Problem: Given a string S and a string T, find the minimum window in S which will contain all the characters in T in complexity O(n).
Example:
Input: s = "ADOBECODEBANC", t = "ABC" Output: "BANC" Explanation: The minimum window substring "BANC" includes 'A', 'B', and 'C' from string t.
Input: s = "a", t = "a" Output: "a" Explanation: The entire string s is the minimum window.
Input: s = "a", t = "aa" Output: "" Explanation: Both 'a's from t must be included in the window.
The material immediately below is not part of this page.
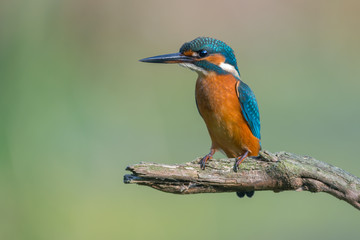 Common Kingfisher (Alcedo atthis)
Since the largest window of s only has one 'a', return empty string.
Approach:
- First check if the length of string is less than the length of the given pattern, if yes then return empty string.
- Store the occurrence of characters of the given pattern in a hash.
- Start matching the characters of pattern with the characters of string i.e. increment count if a character matches.
- Check if (count == length of pattern ) this means a window is found.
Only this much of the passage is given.